Thumbor configuration

Some of our Thumbor configuration settings differ from the recommended defaults. We tweaked our configuration in response to our performance measurements.

Thumbor ships with a number of imaging backends; the default and recommended backend is PIL. Our testing shows that the OpenCV backend is much faster (i.e. 3-4x faster) than PIL. Unfortunately, OpenCV can't resize GIFs or images with alpha transparency. As a result, we implemented a simple multiplexing backend that delegates to OpenCV wherever possible and falls back to PIL in the degenerate case.
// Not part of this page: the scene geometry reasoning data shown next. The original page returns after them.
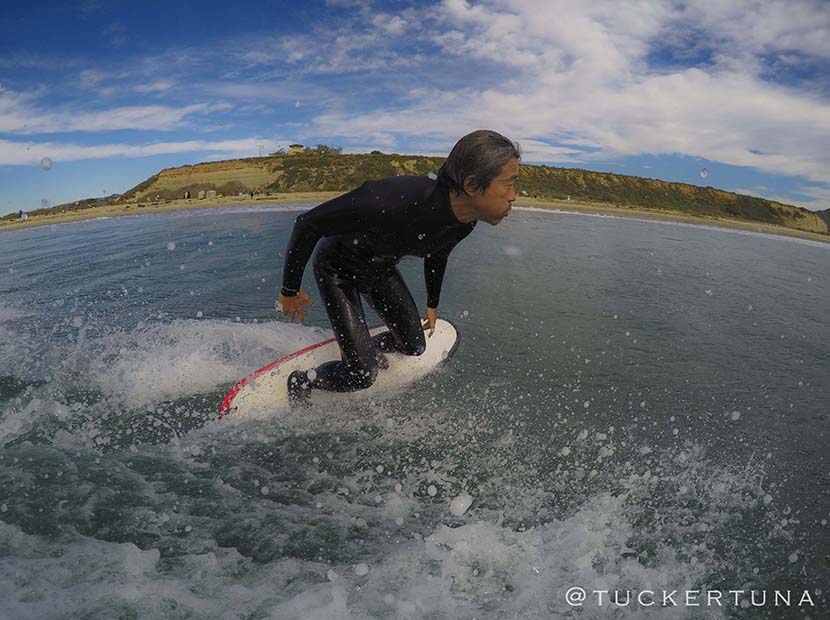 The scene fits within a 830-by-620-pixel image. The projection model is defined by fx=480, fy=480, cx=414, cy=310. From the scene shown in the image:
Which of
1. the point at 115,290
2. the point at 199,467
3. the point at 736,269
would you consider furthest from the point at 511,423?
the point at 736,269

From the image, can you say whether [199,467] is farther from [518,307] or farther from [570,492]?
[518,307]

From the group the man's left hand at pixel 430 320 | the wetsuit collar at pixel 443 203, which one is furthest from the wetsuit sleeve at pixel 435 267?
Result: the wetsuit collar at pixel 443 203

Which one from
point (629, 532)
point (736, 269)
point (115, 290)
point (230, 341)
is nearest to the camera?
point (629, 532)

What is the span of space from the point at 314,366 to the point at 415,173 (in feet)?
240

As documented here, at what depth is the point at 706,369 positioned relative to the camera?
7.20 meters

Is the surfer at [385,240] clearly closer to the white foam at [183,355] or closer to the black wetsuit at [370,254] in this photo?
the black wetsuit at [370,254]

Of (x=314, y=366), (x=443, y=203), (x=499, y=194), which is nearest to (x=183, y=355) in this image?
(x=314, y=366)

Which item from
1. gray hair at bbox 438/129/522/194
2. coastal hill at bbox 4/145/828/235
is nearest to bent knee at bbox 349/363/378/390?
gray hair at bbox 438/129/522/194

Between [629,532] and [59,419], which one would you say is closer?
[629,532]

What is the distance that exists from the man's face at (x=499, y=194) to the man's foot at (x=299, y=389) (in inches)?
116

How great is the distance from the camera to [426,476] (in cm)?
429

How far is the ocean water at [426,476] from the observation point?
304 cm

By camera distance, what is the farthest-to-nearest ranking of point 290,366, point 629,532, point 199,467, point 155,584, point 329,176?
point 329,176 < point 290,366 < point 199,467 < point 629,532 < point 155,584

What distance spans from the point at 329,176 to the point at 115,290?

Our production Thumbor cluster consists of 6x c1.medium EC2 instances behind an ELB, each running 4 Thumbor processes behind nginx. This cluster can comfortably serve all our production traffic.

Generally we've found that Thumbor is quite stable, and expect it to further mature as more people use it and make improvements.

Conclusion

Our Thumbor service now serves all design entry thumbnails for our main PHP application. The resulting architecture is much simpler and the service is usable by other applications in our stack. We'll continue to use Thumbor in future apps we develop, and look for more opportunities to simplify our codebase by progressively adopting a more service-oriented architecture.